Brief descriptive captions
= = =

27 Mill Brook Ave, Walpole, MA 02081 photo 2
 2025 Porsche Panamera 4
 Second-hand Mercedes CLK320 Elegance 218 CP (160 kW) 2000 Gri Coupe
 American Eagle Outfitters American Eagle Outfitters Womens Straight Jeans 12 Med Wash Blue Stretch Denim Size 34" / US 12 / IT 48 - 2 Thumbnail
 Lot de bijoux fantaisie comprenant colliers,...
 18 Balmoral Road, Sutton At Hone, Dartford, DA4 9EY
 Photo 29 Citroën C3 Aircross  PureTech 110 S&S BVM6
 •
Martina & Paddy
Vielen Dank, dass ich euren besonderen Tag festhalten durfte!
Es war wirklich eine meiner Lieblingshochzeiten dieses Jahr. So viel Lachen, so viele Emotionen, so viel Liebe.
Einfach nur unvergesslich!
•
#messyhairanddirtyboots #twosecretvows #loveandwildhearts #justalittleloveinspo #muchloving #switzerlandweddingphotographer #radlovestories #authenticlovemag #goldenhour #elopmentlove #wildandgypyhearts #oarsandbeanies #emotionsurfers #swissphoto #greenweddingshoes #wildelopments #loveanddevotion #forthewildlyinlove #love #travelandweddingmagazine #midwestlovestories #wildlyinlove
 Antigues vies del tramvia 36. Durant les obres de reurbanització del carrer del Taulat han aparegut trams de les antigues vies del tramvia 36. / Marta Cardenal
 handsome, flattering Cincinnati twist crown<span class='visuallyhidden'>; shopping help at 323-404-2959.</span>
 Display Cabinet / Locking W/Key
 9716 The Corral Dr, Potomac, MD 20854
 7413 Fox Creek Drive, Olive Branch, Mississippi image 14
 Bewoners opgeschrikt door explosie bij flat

= = =

WORK TO BE COMPLETED
Every record listed above should be reproduced exactly.

OUTPUT
27 Mill Brook Ave, Walpole, MA 02081 photo 2
 2025 Porsche Panamera 4
 Second-hand Mercedes CLK320 Elegance 218 CP (160 kW) 2000 Gri Coupe
 American Eagle Outfitters American Eagle Outfitters Womens Straight Jeans 12 Med Wash Blue Stretch Denim Size 34" / US 12 / IT 48 - 2 Thumbnail
 Lot de bijoux fantaisie comprenant colliers,...
 18 Balmoral Road, Sutton At Hone, Dartford, DA4 9EY
 Photo 29 Citroën C3 Aircross  PureTech 110 S&S BVM6
 •
Martina & Paddy
Vielen Dank, dass ich euren besonderen Tag festhalten durfte!
Es war wirklich eine meiner Lieblingshochzeiten dieses Jahr. So viel Lachen, so viele Emotionen, so viel Liebe.
Einfach nur unvergesslich!
•
#messyhairanddirtyboots #twosecretvows #loveandwildhearts #justalittleloveinspo #muchloving #switzerlandweddingphotographer #radlovestories #authenticlovemag #goldenhour #elopmentlove #wildandgypyhearts #oarsandbeanies #emotionsurfers #swissphoto #greenweddingshoes #wildelopments #loveanddevotion #forthewildlyinlove #love #travelandweddingmagazine #midwestlovestories #wildlyinlove
 Antigues vies del tramvia 36. Durant les obres de reurbanització del carrer del Taulat han aparegut trams de les antigues vies del tramvia 36. / Marta Cardenal
 handsome, flattering Cincinnati twist crown<span class='visuallyhidden'>; shopping help at 323-404-2959.</span>
 Display Cabinet / Locking W/Key
 9716 The Corral Dr, Potomac, MD 20854
 7413 Fox Creek Drive, Olive Branch, Mississippi image 14
 Bewoners opgeschrikt door explosie bij flat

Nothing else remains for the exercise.